**Task objective:**
Beginning with the first line, please return the entries exactly through the line that contains "GUCCI GG Supreme", and leave out all later lines.

**Data for this exercise:**
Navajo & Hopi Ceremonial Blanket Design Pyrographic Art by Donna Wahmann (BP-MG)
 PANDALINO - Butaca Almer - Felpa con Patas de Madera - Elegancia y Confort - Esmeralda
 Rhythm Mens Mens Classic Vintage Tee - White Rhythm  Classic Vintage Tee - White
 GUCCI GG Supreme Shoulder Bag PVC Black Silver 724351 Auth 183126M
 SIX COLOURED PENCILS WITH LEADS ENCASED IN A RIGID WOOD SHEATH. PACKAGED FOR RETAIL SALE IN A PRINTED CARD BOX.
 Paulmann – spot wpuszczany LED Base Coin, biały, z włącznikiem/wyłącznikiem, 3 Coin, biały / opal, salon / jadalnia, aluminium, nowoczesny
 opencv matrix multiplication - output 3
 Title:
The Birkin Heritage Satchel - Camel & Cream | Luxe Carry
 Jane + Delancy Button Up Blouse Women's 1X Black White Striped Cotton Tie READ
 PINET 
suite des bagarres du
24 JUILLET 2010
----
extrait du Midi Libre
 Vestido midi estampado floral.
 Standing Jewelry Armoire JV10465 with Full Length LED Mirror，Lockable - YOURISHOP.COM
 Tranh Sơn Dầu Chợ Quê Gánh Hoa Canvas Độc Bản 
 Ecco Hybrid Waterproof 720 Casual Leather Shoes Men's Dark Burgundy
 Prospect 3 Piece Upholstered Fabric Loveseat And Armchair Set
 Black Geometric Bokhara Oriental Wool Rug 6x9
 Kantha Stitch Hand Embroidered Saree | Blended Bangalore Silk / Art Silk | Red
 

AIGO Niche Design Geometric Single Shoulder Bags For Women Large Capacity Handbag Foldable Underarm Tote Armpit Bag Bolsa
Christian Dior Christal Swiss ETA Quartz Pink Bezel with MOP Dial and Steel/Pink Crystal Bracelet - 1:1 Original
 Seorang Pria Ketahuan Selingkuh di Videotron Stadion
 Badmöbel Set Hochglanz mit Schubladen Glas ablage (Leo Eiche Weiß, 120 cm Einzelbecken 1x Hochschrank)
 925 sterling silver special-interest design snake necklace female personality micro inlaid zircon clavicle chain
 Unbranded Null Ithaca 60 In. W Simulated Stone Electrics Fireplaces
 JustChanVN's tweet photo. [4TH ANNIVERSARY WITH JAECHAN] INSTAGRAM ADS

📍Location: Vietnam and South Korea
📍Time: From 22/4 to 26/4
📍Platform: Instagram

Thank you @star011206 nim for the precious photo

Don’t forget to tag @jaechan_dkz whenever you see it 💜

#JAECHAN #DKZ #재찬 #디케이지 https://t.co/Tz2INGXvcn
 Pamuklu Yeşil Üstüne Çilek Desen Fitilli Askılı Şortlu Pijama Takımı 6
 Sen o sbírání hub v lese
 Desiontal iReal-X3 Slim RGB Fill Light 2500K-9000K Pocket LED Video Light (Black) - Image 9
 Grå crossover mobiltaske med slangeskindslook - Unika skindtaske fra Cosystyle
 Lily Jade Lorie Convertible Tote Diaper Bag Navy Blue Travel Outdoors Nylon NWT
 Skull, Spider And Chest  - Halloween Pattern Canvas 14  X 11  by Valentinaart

**Response to this task:**
Navajo & Hopi Ceremonial Blanket Design Pyrographic Art by Donna Wahmann (BP-MG)
 PANDALINO - Butaca Almer - Felpa con Patas de Madera - Elegancia y Confort - Esmeralda
 Rhythm Mens Mens Classic Vintage Tee - White Rhythm  Classic Vintage Tee - White
 GUCCI GG Supreme Shoulder Bag PVC Black Silver 724351 Auth 183126M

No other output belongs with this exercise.